O HOMEM E A ESTRADA: Aqui há tempos escrevi sobre os quase mil acidentes mortais causados por condutores alcoolizados nos ultimos dois anos em Portugal. Nesse texto, erradamente, atribui a Manuel João Ramos, presidente da ACA-M, simpatia pelo BE, o que não é verdade. O MJR era chamado à colacção como um exemplo de que o discurso securitário pode por vezes habitar quadrantes ideológicos aparentemente inospitaleiros. O MJR, amavelmente, trocou correspondência comigo, sublinhando uma ideia curiosa: o securitarismo não se resume a um dispositivo ideológico e por isso não tem de ser concebido como um modelo social. A dois tempos, iremos discutir isto.
Em 1993, a Universidade do Minho publicou as actas de um Seminário internacional dedicado aos Factores Humanos no Tráfego Rodoviário. Psicólogos, polícias, instrutores, juristas, discorreram sobre o assunto. O tom geral das conferências é indisfarçável: prevenção, informação, formação ético-cívica (?), e sobretudo repressão apenas a indispensável. Germano Marques da Silva não poderia ser mais claro ( o sublinhado é meu):
(...)impõe-se que a actuação policial seja o que deve ser essencialmente, isto é, preventiva, de molde a evitar a transgressão, mais do que a puni-la, e que as sanções pela violação das normas de condução atinjam o automobilista onde mais lhe dói, na licença para conduzir. GMS entende que o respeito por normas a que em geral não se reconhece conteúdo ético passa primeiro pela sua compreensão, no acto de conduzir.

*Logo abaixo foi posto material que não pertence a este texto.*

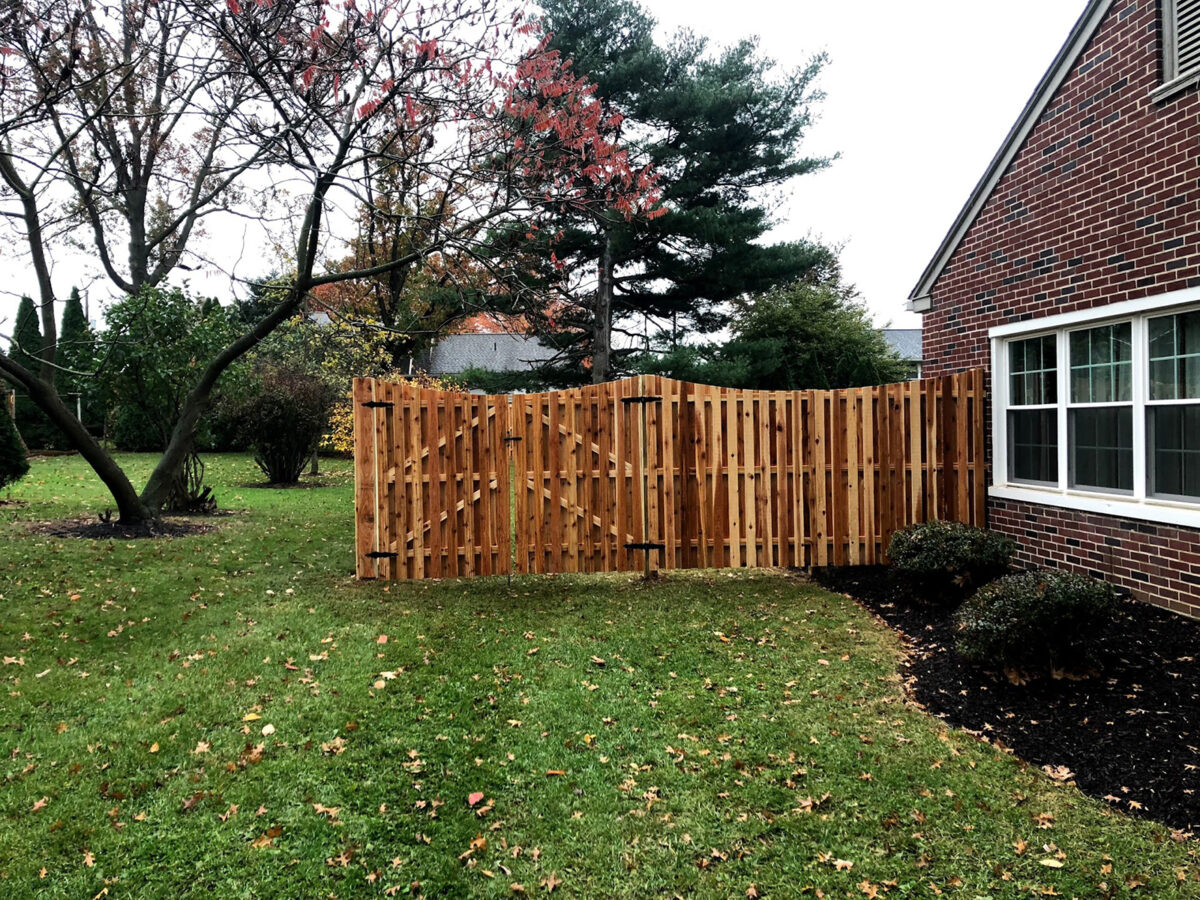 shadowbox fence with concaved top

Ora, parece-me que se desenha uma filosofia claramente inspirada num familiar optimismo antropólogico: se o homem perceber a norma justa, cumpre-a. De facto, se o meu filho de 10 anos perceber que meter o gato no congelador, provoca dor e sofrimento desnecessário ao animal, tenho mais hipótese de poupar o gato a chatices futuras. Mas se não perceber, por qualquer motivo, ou se perceber, mas o prazer que tem em congelar o gato falar mais alto, não me resta alternativa a não ser puni-lo. Dito de outro modo, a vinculação moral (é com Kant que a ética que passa a designar uma moral particular, por ex, a deontologia profissional) pode ter que passar num primeiro momento, não pela compreensão, mas pelo respeito à norma que vincula a própria disposição moral.
Enquanto o condutor não compreende que não deve conduzir alcoolizado, ou lhe apetecer fazê-lo, apenas a repressão garante que todos os outros que já perceberam, ou temem não perceber, possam circular em segurança. O comportamento éticamente decente sobrevive tanto da reunião moral do agente aos seus princípos, como da sua existência concreta, protegida também pelo lado repressivo: assim o assassínio deve ser moralmente condenado, tanto quanto reprimido pela lei . É que ao contrário dos gatos, não temos sete vidas.